WHAT THE TASK REQUIRES:
Below is a listing with pictures. Repeat exactly the lines starting at the one holding "Thank you so" and going on through the one holding "Hello everyone, my", and leave every picture out.
** ENTRIES SHOWN follows **
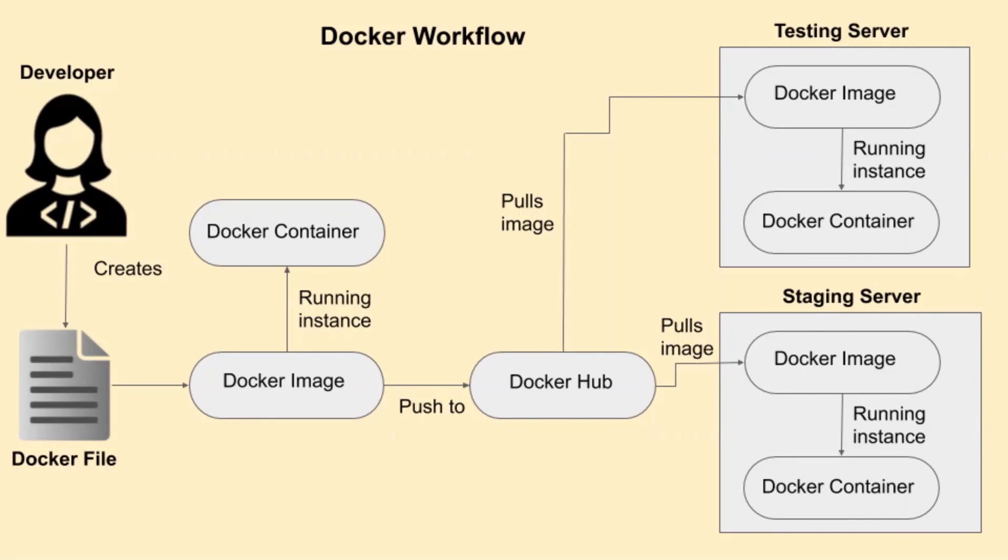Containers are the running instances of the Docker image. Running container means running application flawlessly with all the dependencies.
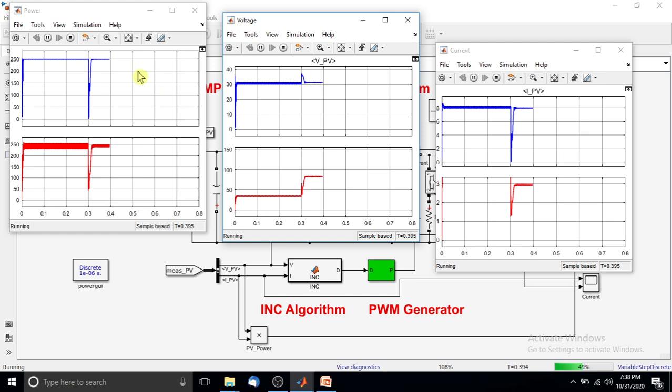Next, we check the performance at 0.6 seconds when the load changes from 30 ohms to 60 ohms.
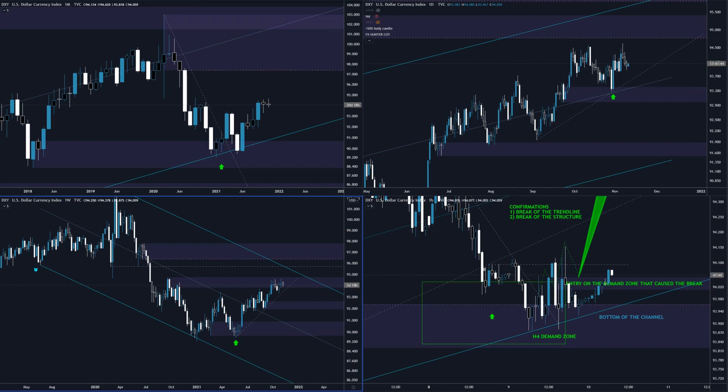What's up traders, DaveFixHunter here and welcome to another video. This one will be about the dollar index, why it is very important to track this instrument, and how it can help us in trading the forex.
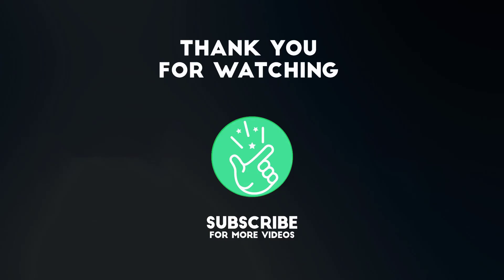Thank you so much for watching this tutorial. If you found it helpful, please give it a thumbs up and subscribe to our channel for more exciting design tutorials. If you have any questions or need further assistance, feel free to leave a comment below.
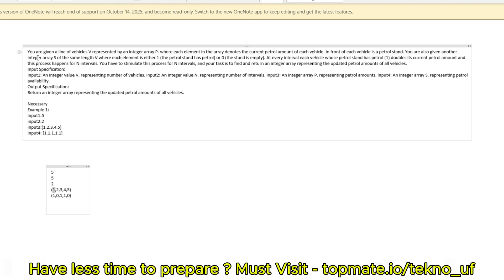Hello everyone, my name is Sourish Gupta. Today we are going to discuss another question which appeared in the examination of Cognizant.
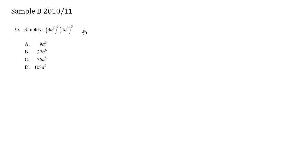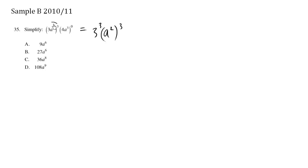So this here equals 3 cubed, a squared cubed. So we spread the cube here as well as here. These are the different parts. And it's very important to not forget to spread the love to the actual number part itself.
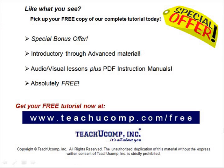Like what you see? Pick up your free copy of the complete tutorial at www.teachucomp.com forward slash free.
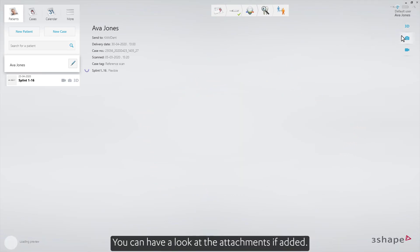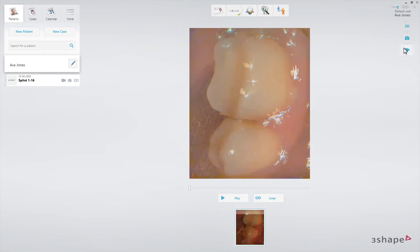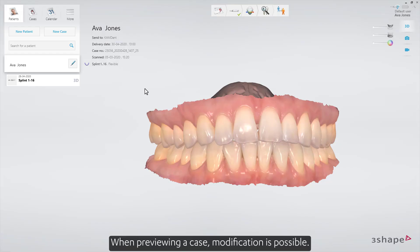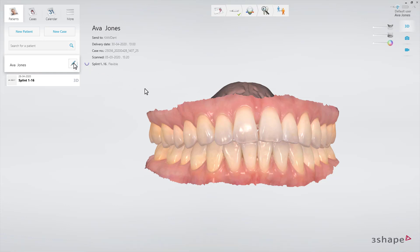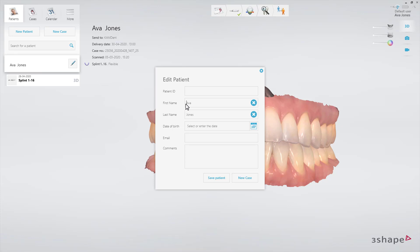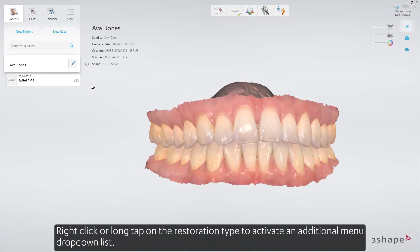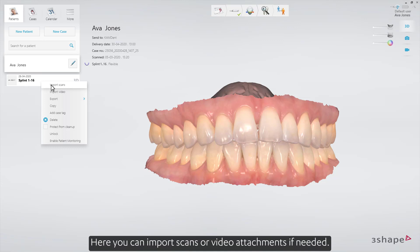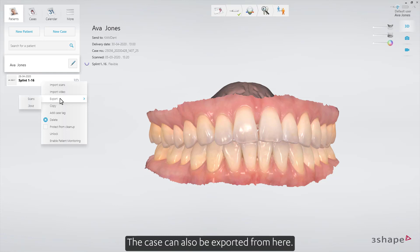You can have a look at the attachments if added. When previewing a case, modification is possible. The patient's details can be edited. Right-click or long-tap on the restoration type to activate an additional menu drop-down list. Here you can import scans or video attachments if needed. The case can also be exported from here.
** End of ENTRIES SHOWN **
REPLY TO THE EXERCISE:
Thank you so much for watching this tutorial. If you found it helpful, please give it a thumbs up and subscribe to our channel for more exciting design tutorials. If you have any questions or need further assistance, feel free to leave a comment below.
Hello everyone, my name is Sourish Gupta. Today we are going to discuss another question which appeared in the examination of Cognizant.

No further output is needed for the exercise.